The inclusion of contemporary painting with historical objects should be greatly congratulated. Such connections are not often enough expressed in museum exhibitions. Liu Dan’s work, strikingly successful in its combination of traditional sensibilities and modern international format and scale (his work recently purchased by the San Diego Art Museum measures more than three feet in height and sixty feet in width!), is, alas, at risk of being seen as mere illustration by the casual reader of this catalogue. The fact that a prominent living artist still finds expression in interpreting the complex surfaces and shapes of rocks is a tribute to the strength and importance of this longstanding tradition. Readers may well wish for more information on Liu’s “Twelve Views of Little Openwork,” the latter being one of the rocks in the exhibition, as well as for translations of the contemporary artist’s inscriptions based on a text by Lin Youlin (Suyuan shipu, dated 1613) and a poem by Su Shi (1037-1101). They may also be puzzled over the relationship between Liu Dan’s twelve views and the eight views cited by Ma Yuelu in his inscription on the box in which the “Little Openwork” rock is kept. (The reader might also be interested to know that Ma Yuelu (1697-after 1766) together with his brother Ma Yueguan (1686-1755) was a noted patron of art in eighteenth-century Yangzhou. Their garden was a frequent gathering place for scholars, poets, and painters. A handscroll by Fang Shishu and Ye Fanglin, now in the Cleveland Museum of Art, pictures the garden furnished with rocks and scholars’ objects. (See Ju-hsi Chou and Claudia Brown, The Elegant Brush: Chinese Painting Under the Qianlong Emperor, 1735-1795, exh. cat., Phoenix: Phoenix Art Museum, 1985)

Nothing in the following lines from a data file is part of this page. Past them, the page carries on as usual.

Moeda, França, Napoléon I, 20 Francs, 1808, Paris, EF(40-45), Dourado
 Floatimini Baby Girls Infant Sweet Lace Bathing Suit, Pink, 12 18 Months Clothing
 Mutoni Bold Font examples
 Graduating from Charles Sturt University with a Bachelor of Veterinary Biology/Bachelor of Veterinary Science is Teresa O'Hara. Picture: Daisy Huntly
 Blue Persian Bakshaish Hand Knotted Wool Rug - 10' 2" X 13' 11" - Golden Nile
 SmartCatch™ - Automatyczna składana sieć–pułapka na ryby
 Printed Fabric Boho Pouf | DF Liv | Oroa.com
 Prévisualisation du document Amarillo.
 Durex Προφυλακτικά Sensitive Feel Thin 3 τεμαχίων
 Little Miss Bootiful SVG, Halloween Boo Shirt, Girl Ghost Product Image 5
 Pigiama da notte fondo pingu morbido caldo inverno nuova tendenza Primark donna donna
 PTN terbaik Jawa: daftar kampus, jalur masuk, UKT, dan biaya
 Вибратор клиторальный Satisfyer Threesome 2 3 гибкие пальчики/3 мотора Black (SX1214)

For an exhibition catalogue, the book is sometimes frustratingly terse. No stones have full entries except number 27, a Taihu-style stone. Occasional comments, such as those on stones used as brushrests (cat. no. 22), are tantalizing and leave the reader wishing for more. Also, the cataloguing of paintings is abbreviated. For example, catalogue number 41 illustrates Leaf 8, ascribed to Wang Yuanqi, from an album of eleven leaves by various artists active during the Kangxi era (1662-1722). Readers may wish to know a bit more about the album as a whole, about the inscriptions on the leaf shown, and about the collector who is said to have owned the depicted rock and for whom the painting was painted. Catalogue entry number 43, Bamboo and Rock by Qu Yingshao, misses the opportunity to make reference to the same artist’s inscription quoted in catalog number 36, citing the bamboo as “grandson of the stone.” In catalog number 44, the novice reader may wonder about the nineteenth-century artist’s reference to the artist Mi Fu (1052-1107) bowing to a rock. Although the story is recounted (20-21), the reader is offered no page number to assist him or her in identifying the reference. The entries on scholars’ studio objects vary widely from a few entries that provide useful contextual information (for example, entries 48, 49, and 62), to several others that describe the object more fully (entries 51, 63, and 66), and to captions with only the briefest of identifications. In some cases the brief titles offer little description of the individual shape of an object. For example, in catalogue number 50, nothing in the entry links this brushrest of rock crystal, shaped as five craggy peaks, to the many traditional brushrests in other materials symbolizing China’s five sacred mountains.

The book closes with a translation of a Qing dynasty story, “The Ethereal Rock (Shi Qingshu)” by Pu Songling (1640-1715), reprinted from Judith Zeitlin’s Historian of the Strange: Pu Songling and the Chinese Classical Tale (Stanford: Stanford University Press, 1993). While the selection of this particular story is not explained in the text, this reader found it a happy juxtaposition. Zeitlin’s deft translation appears to preserve a tongue-in-cheek irony in the treatment Pu Songling gives to the misadventures of rock collecting. If the sculptural tradition revealed in “spirit stones” and garden rocks is important enough to be taken seriously, then it is also important enough to be regarded with humor.